If we consider the fact that news from the UK had no influence on the strong rally of the pound, we can conclude that currency markets are currently governed solely by Donald Trump. If (theoretically) Trump changes his stance on trade policy, the trend could also reverse — this time downward. Therefore, in the coming months (or possibly years), we should closely monitor all actions coming from the White House.
The week began with another dollar decline The GBP/USD pair rose by 65 basis points on Monday, and could appreciate even more by the day's end. The week kicked off with new tariffs from Donald Trump, so the U.S. dollar predictably came under pressure again. This time, the tariffs targeted the film industry, and they are unlikely to be significant in terms of boosting the U.S. budget. However, what matters here is the mere fact of a further escalation in the trade war. This time, Trump chose to openly wage war against his own film producers.
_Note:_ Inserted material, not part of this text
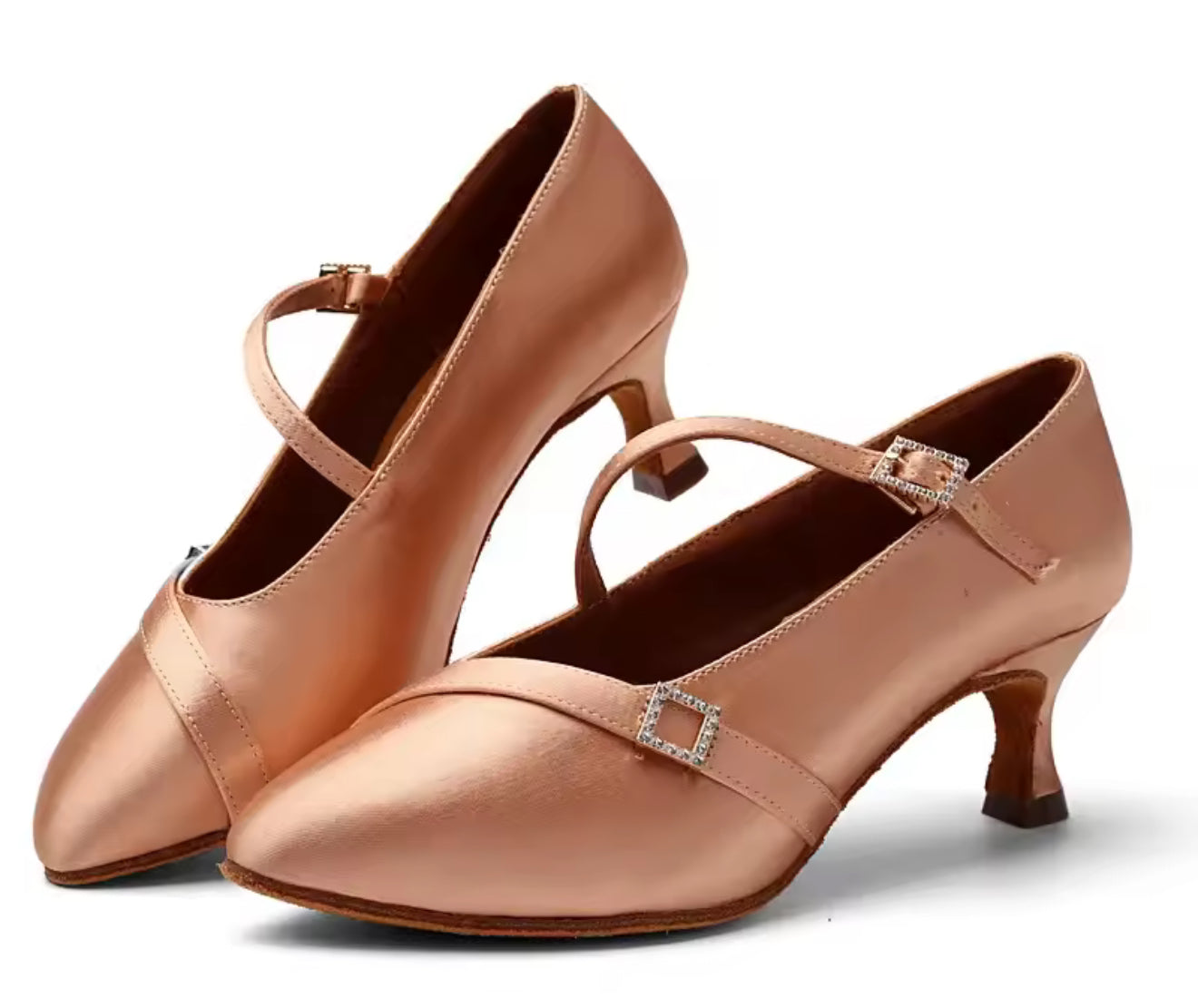 (11) TWD “LULAH” Ballroom Shoes. Flesh Skin Satin with 5.5cm Heel Diamanté Strap & Buckle. Shoes come Boxed Includes a “Black Shoe Bag” pair of plastic feet protectors to try Shoes on for Size, Fit & Comfort.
Nonetheless, more important events are scheduled for this week — though for now, Trump's policy remains the market's main focus. The Bank of England will hold a meeting on Thursday, and a 25 basis point rate cut is expected. Additionally, it is anticipated that all nine members of the MPC will vote in favor of a rate cut — something that hasn't happened in quite a while. Based on the BoE outlook, one might have expected the pound to weaken, but at the start of the week, sterling is performing strongly. Let me remind you that the ECB's most recent meeting also ended with monetary policy easing, which had no effect on the euro. The market ignored the fact of the seventh rate cut, so it could easily ignore easing in the UK as well. Based on this, we shouldn't count on a significant decline in the pound even on Thursday.
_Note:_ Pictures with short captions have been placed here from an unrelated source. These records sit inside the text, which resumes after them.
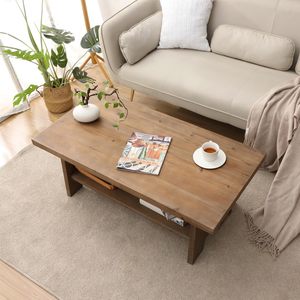 Tables basses en bois de style moderne du milieu du siècle, table basse en bois de style campagnard, table basse rectangulaire pour salon - Product Image 5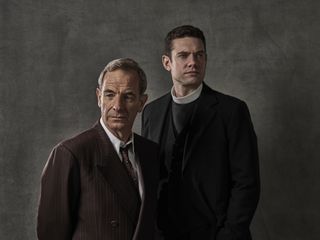 Grantchester season 7 Robson Green and Tom Brittney as DI Geordie Keating and Reverend Will Davenport.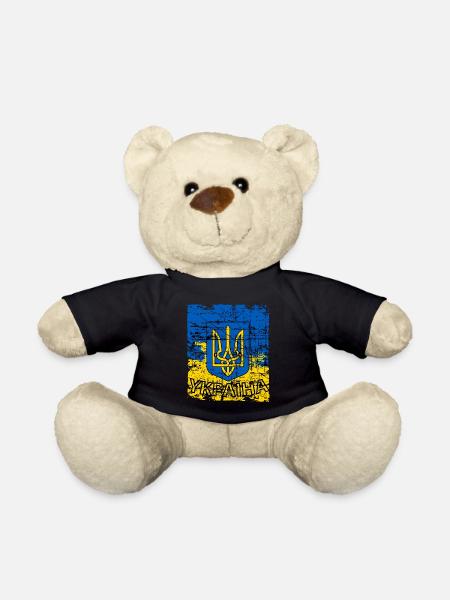 T-shirt de l’Ukraine avec armoiries et drapeau rétro - Nounours - noir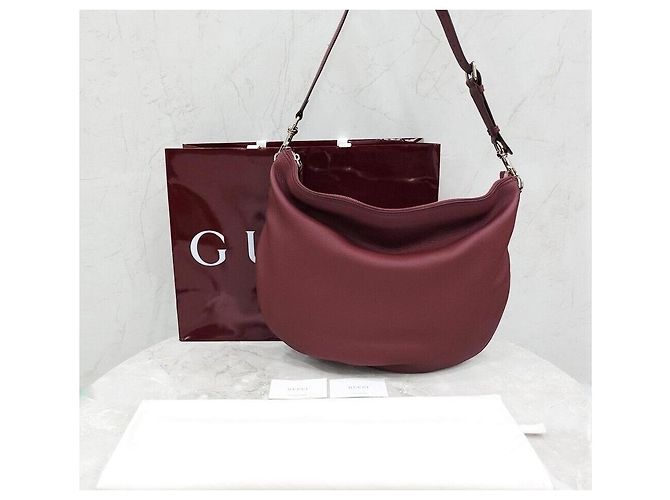 Gucci Nuova Borsa a Spalla Grande in Pelle Rosso Ancora - vista 8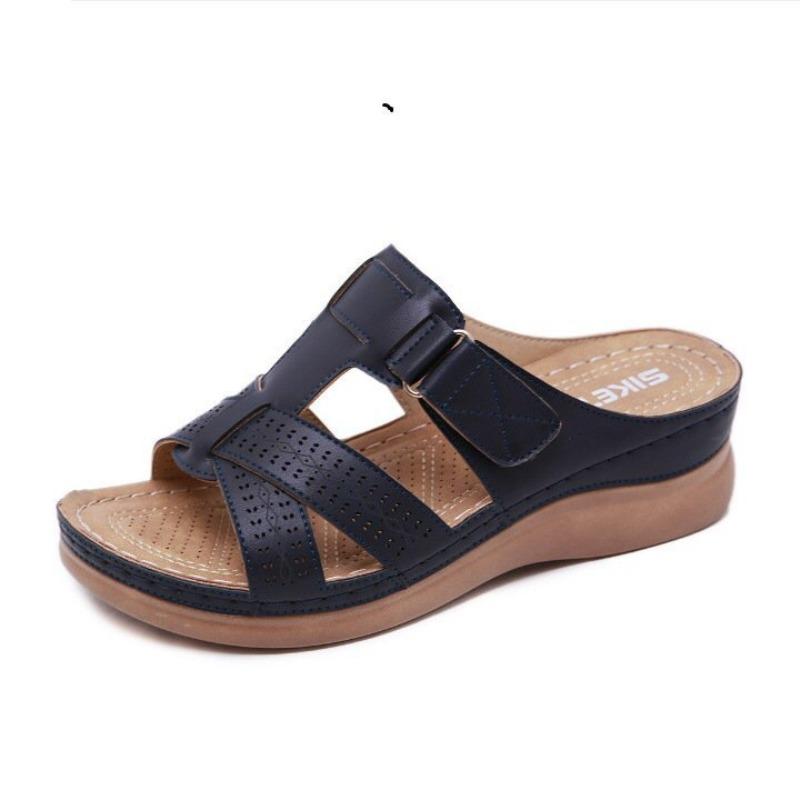 Damenschuhe Sommer Neu Ein-Riemen Hohl Fischmaul Keilabsatz Klettverschluss Coole Hausschuhe Damen Große Größe Damenschuhe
Today in the U.S., the ISM Services PMI will be released, but if market participants ignored GDP data, manufacturing activity, job openings, and employment reports last week, then there is nothing stopping them from also ignoring today's index. Meanwhile, Trump's new tariffs may continue to drive the dollar into decline throughout the day.
The wave pattern of the GBP/USD pair has shifted. We are now dealing with a bullish, impulsive segment of the trend. Unfortunately, under Donald Trump, the markets may face many more shocks and reversals that do not align with wave patterns or any type of technical analysis. The formation of the upward wave 3 continues with immediate targets at 1.3541 and 1.3714. Naturally, it would be ideal to see a corrective wave 2 in wave 3 before the rally continues. But for that to happen, the dollar must strengthen, which means someone has to start buying it and Trump must stop introducing tariffs.
On the higher wave scale, the wave pattern has shifted as well. We can now expect the formation of a bullish segment of the trend. The nearest targets are 1.2782 and 1.2650.